March 27, 2011

Legend explodes for eight

There's still life in the Legend.

The ageless veteran, who's struggled at times this season as he's searched for his waning youth and a good stick, scored eight times to lead his side of young speedsters to a 20-9 win in Sunday's game.

With Scooby and his original gang, Scrappy and Doo, driving a furious pace in the game's opening period, the Legend sauntered into position to take advantage of the scoring opportunities created by their dynamic cycling.

"It's great to stand back and watch a team cycle and cycle, chip away and get opportunity after opportunity," said Chico, who registered the road hockey shutout.

"There was a lot of speed out there initially today," said a despondent Colonel after the game. "I think everybody on that side benefitted from that."

No one more than the Legend. Twice he cashed in, giving his side a 5-1 advantage at the first break. The momentum carried into the second period, when he scored on an unlikely spinerama move and on a nifty deke after dodging Twizzler's lunging pokecheck.

"Those are the kind of goals that get everybody amped up," said Chico.

"The Legend was moving pretty good today," said the Colonel. "He had some good speed, he was really moving around the court well today. That gelled very nicely with his speedy teammates."

But at the half their lead had diminished to a pair of goals, 10-8, as bounces started to find their way to the Colonel and his mates, who took advantage of defensive lapses and inattention to wrest control.

"We knew we had to play harder, move our feet more," said the Colonel. "There were about a million things we had to do better."

"We stopped backchecking we stopped keeping a man back, and I think that gave them some odd man opportunities to finish," said Chico of his side's mid-game swoon.

"The main thing was we didn't really have a natural defenseman on our team," said Scooby.

But three straight goals by the Legend veered the game again, igniting a 10-1 run to the finish.

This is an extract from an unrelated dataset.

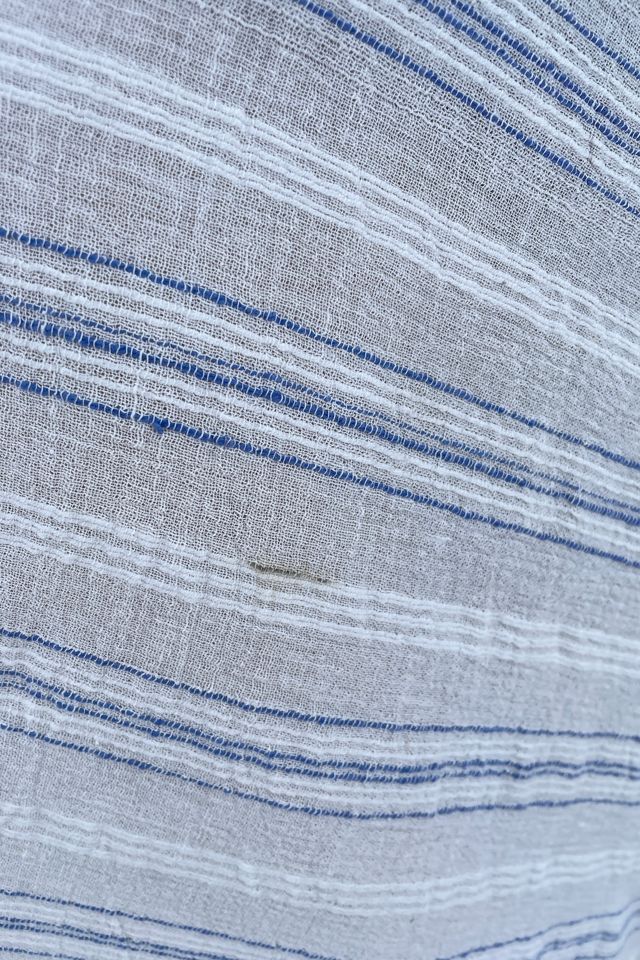 Vintage 1970's Wrap Gauze Skirt Selected by FernMercantile #3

"The young guys have lost a couple of games when they've had a big lead, but I think they saw today what happens when you've got some veteran leadership," said Chico.

"The Legend was pretty much our whole team today," said Scooby.

This year's Stanley Stick will begin April 24 and conclude the following week, May 1.

Posted by jaysuburb at 06:40 PM | Comments (20)

March 20, 2011

No Lak of courage with lack of pads

Lak Attack was just a rookie roadster when legendary goaltending stalwart Wawrow was throwing himself in front of shots without the protection of thick leg pads.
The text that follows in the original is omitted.